This blog is a response to several converging circumstances in my sometimes-harried graduate student existence. The first is that I have reached the stage in my graduate career where I need to become a writer. That is, I need to attain some level of discipline absent from the procrastinate-panic-produce-repeat cycle of the seminar paper but necessary to the sustained trek of the dissertation. I’ve been doing a lot of work to modify my writing habits over the past year, with some efforts more successful than others, but my inescapable conclusion is that I simply need to write more. However, there’s only so much I can add to my prospectus draft on any given day, and some days, it’s nothing at all. In other words, if I need to write more, I also need more to write.

The next circumstance spurring me towards blogging is this, which my personal experience heartily confirms. For the first few years of graduate school, I avoided taking on extra commitments or projects, certain that I barely had time to get my required work done. I got everything done, because I always get things done, but I kept feeling as if I were swimming against the current. Then I started teaching my own class and nearly drowned. But once I made it through that first awful semester, I realized what I should have known all along: I always get things done. My type-A neurotic self gets hives at the thought of not following through with a commitment. I was trying to limit my commitments in order to limit my anxiety, but it wasn’t helping. And fewer commitments meant I felt constantly unproductive, which only heightened the anxiety. Adding to my responsibilities over the past year has helped me establish and maintain a much more productive work schedule.
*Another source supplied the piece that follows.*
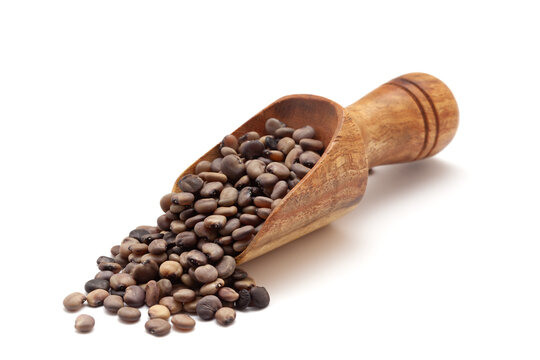 Front view of a wooden scoop filled with dry Organic cluster bean  (Cyamopsis tetragonoloba) seeds. Isolated on a white background.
But that need to thoughtfully guard and schedule my time made me a bit wary of the world of academic blogging. It had the potential to be a time-suck. I follow just a few blogs, and even that takes time. What’s more, I wasn’t sure I had anything to add to the conversation. But I read Nate Kreuter’s post on why academics should blog this morning and realized he was talking sense. I do think the work we do in the humanities is relevant, just as I think my own work has its place in a wider conversation about American culture and intellectual history. But I can’t really make much of a case for that connection if I’m just shooting my mouth off with colleagues in a bar on Friday night. A sustained engagement with a broader conversation requires something a bit more formal, but also a more accessible than the classroom or academic journals.
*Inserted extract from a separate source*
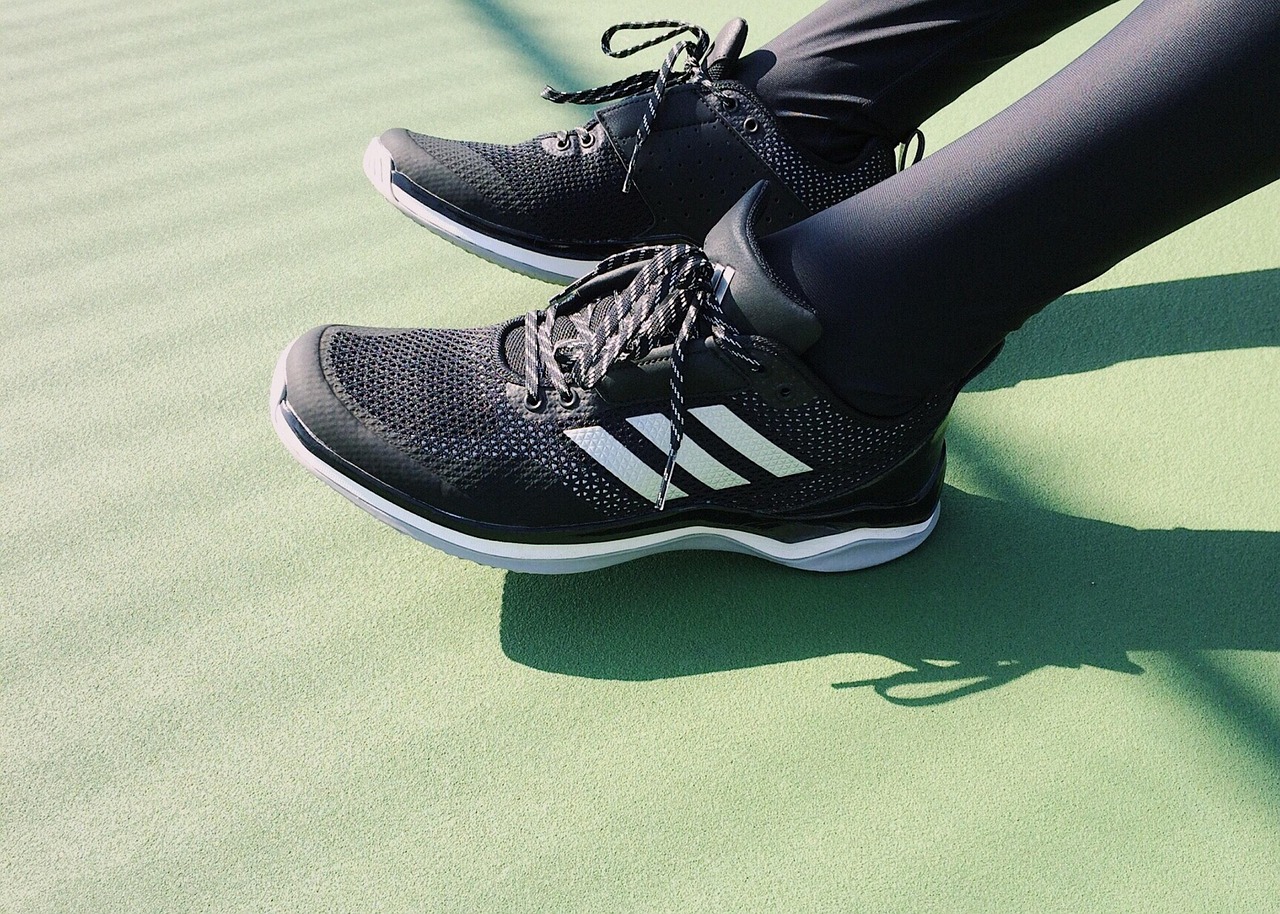 A pair of black Adidas running shoes on a green surface. The shoes have a white sole and black laces. The Adidas logo is visi...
And finally, though as Nate points out, it’s hard to make a case for blogging as scholarship, I think it can serve a necessary professionalizing function. Most of the writing I do as a graduate student is most immediately intended for audiences whom I know well and who know me—my advisor, my writing group, my students. But the really important stuff—fellowship applications, job letters, teaching statements—goes out to strangers. There’s considerable value in cultivating a consistent, comfortable, and authoritative professional voice, and it’s my hope that blogging can assist with that.

So here goes.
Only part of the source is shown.